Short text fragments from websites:
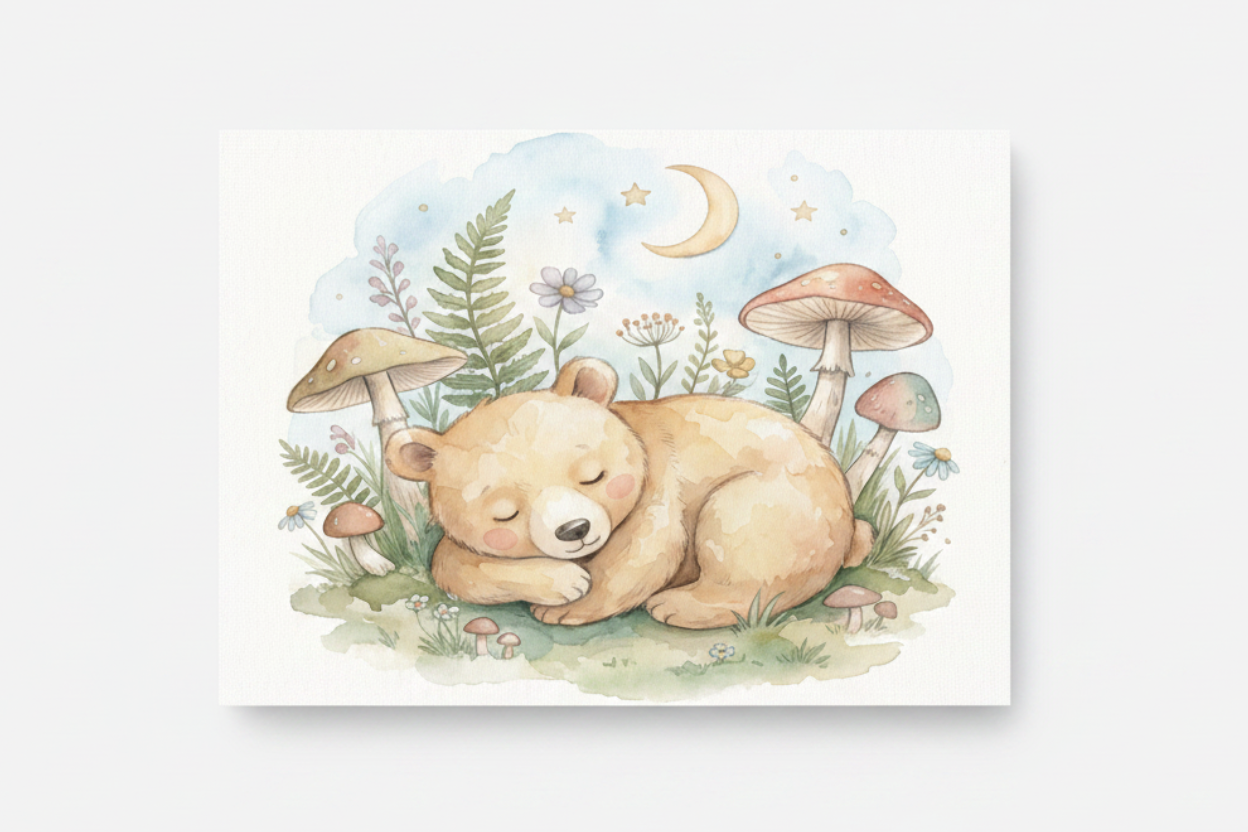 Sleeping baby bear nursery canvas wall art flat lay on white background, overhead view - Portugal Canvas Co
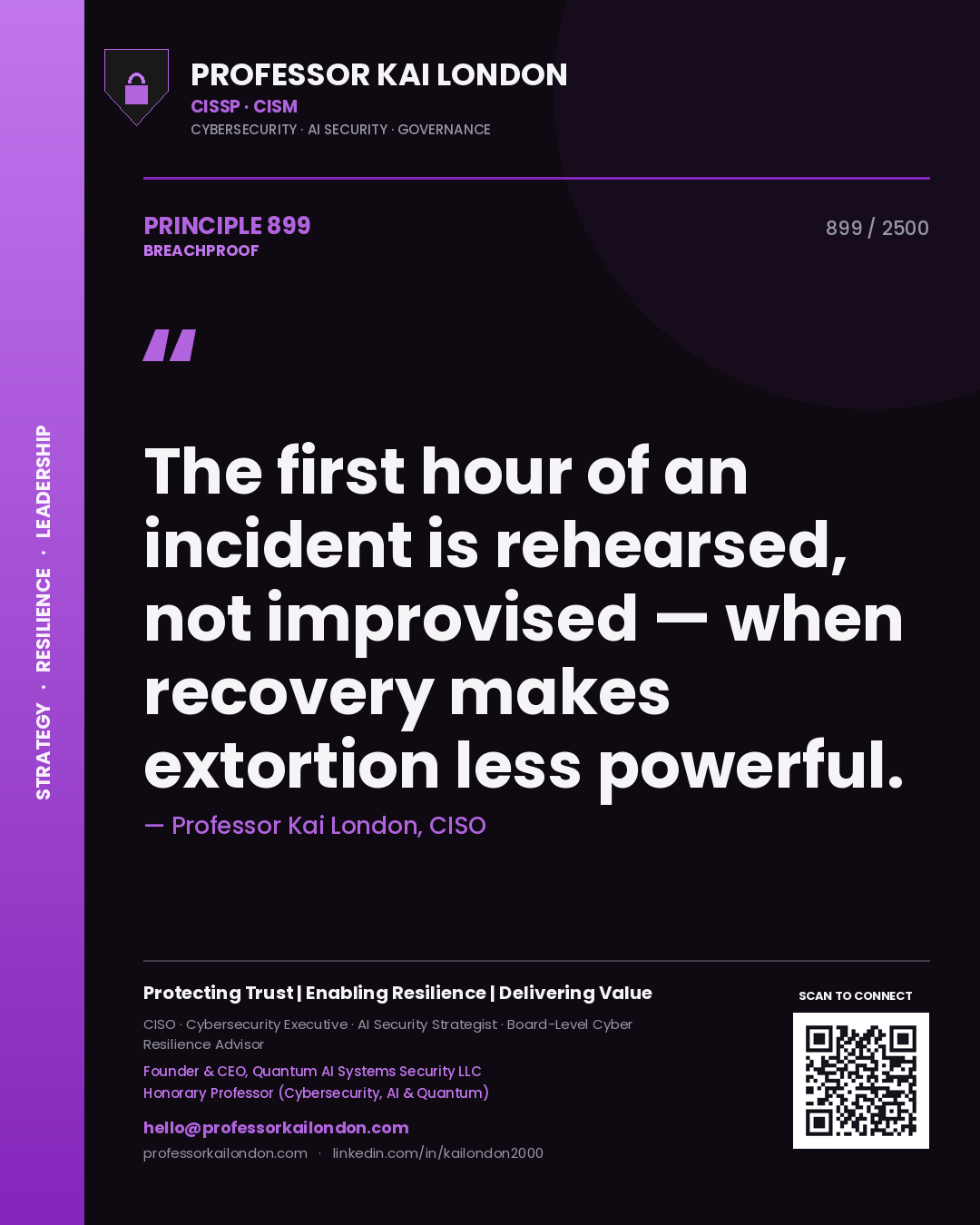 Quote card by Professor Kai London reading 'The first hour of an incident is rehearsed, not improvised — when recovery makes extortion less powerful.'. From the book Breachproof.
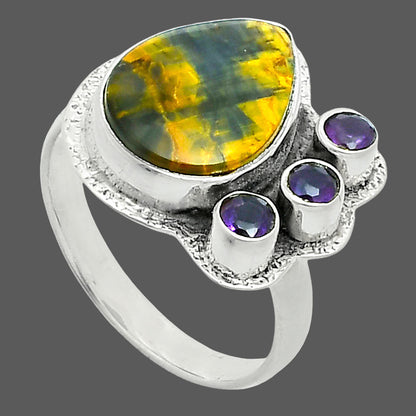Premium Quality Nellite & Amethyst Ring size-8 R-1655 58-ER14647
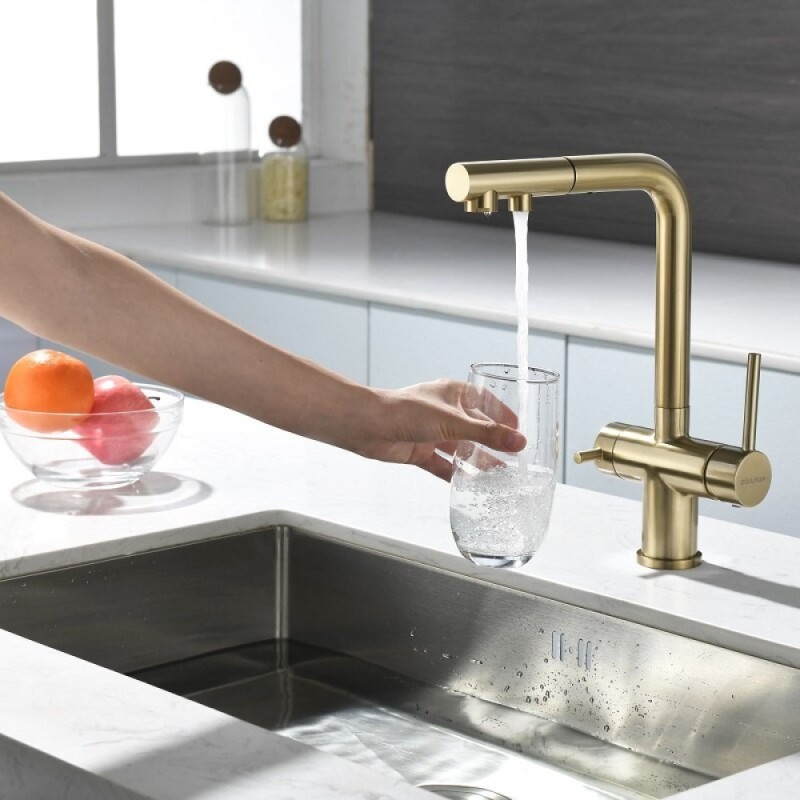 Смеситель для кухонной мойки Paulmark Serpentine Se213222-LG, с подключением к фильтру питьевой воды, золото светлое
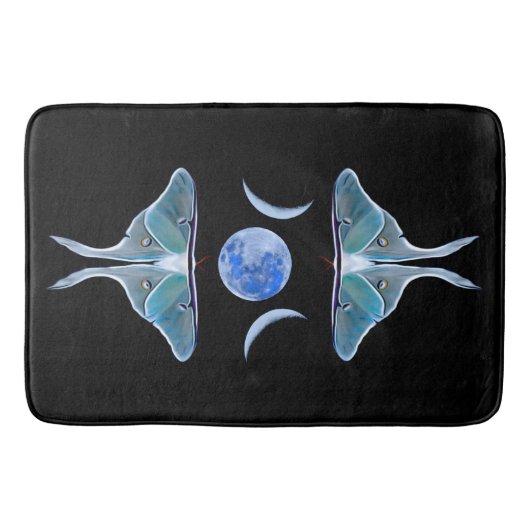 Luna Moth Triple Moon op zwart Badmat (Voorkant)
---
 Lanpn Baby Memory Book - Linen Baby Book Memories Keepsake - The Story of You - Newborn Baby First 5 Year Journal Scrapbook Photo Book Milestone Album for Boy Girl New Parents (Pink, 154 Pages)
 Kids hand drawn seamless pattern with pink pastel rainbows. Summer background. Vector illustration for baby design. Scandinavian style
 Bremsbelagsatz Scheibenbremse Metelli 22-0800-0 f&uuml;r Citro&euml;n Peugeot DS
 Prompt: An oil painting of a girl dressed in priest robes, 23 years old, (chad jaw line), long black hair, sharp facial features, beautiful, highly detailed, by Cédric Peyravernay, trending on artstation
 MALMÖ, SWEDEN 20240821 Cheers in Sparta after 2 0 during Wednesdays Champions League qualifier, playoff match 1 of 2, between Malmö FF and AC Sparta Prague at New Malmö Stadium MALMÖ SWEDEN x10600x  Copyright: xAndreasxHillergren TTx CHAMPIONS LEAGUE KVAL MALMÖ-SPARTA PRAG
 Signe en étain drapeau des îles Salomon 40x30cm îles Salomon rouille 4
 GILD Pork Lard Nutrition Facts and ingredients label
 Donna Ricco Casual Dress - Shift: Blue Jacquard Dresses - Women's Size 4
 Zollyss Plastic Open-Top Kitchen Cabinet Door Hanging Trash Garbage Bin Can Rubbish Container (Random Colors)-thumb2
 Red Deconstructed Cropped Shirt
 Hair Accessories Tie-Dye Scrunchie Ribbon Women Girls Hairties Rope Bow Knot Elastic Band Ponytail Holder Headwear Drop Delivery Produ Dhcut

- **HOW TO COMPLETE THIS TASK**: Look through the entries for the string "Women". Every line that has it belongs in the answer.

- **RESULT BELOW**:
 Donna Ricco Casual Dress - Shift: Blue Jacquard Dresses - Women's Size 4
 Hair Accessories Tie-Dye Scrunchie Ribbon Women Girls Hairties Rope Bow Knot Elastic Band Ponytail Holder Headwear Drop Delivery Produ Dhcut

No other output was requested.